── RECORD SET

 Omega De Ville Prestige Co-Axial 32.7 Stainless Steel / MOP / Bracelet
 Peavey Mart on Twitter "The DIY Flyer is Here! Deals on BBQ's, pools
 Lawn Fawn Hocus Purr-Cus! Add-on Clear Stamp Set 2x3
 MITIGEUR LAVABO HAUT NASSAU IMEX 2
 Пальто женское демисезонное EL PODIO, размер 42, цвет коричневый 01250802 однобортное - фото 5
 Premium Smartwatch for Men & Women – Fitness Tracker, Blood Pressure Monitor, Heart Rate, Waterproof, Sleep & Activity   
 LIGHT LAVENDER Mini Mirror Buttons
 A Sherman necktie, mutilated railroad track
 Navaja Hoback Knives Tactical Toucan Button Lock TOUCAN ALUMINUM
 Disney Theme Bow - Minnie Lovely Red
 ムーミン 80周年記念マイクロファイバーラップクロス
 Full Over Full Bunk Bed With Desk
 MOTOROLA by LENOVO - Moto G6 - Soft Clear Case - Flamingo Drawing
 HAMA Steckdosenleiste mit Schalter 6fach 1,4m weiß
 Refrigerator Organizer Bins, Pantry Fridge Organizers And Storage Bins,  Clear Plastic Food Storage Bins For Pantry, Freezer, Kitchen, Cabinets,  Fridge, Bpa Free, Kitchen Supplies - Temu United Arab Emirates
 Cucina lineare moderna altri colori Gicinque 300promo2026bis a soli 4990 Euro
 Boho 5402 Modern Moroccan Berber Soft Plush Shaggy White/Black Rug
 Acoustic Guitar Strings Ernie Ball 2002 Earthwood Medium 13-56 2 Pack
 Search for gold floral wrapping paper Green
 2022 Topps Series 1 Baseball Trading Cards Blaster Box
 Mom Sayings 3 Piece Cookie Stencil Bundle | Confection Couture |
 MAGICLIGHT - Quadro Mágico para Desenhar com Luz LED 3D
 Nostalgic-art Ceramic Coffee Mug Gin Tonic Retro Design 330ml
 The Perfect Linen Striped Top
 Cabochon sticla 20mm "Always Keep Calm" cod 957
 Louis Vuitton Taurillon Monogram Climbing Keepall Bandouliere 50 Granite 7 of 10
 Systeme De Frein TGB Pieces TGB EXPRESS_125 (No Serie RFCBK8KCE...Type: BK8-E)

────

**EXERCISE GOAL**: Look through the material above for the word "Clear" and copy every line that has it.

**THE ANSWER**:
 Lawn Fawn Hocus Purr-Cus! Add-on Clear Stamp Set 2x3
 MOTOROLA by LENOVO - Moto G6 - Soft Clear Case - Flamingo Drawing
 Refrigerator Organizer Bins, Pantry Fridge Organizers And Storage Bins,  Clear Plastic Food Storage Bins For Pantry, Freezer, Kitchen, Cabinets,  Fridge, Bpa Free, Kitchen Supplies - Temu United Arab Emirates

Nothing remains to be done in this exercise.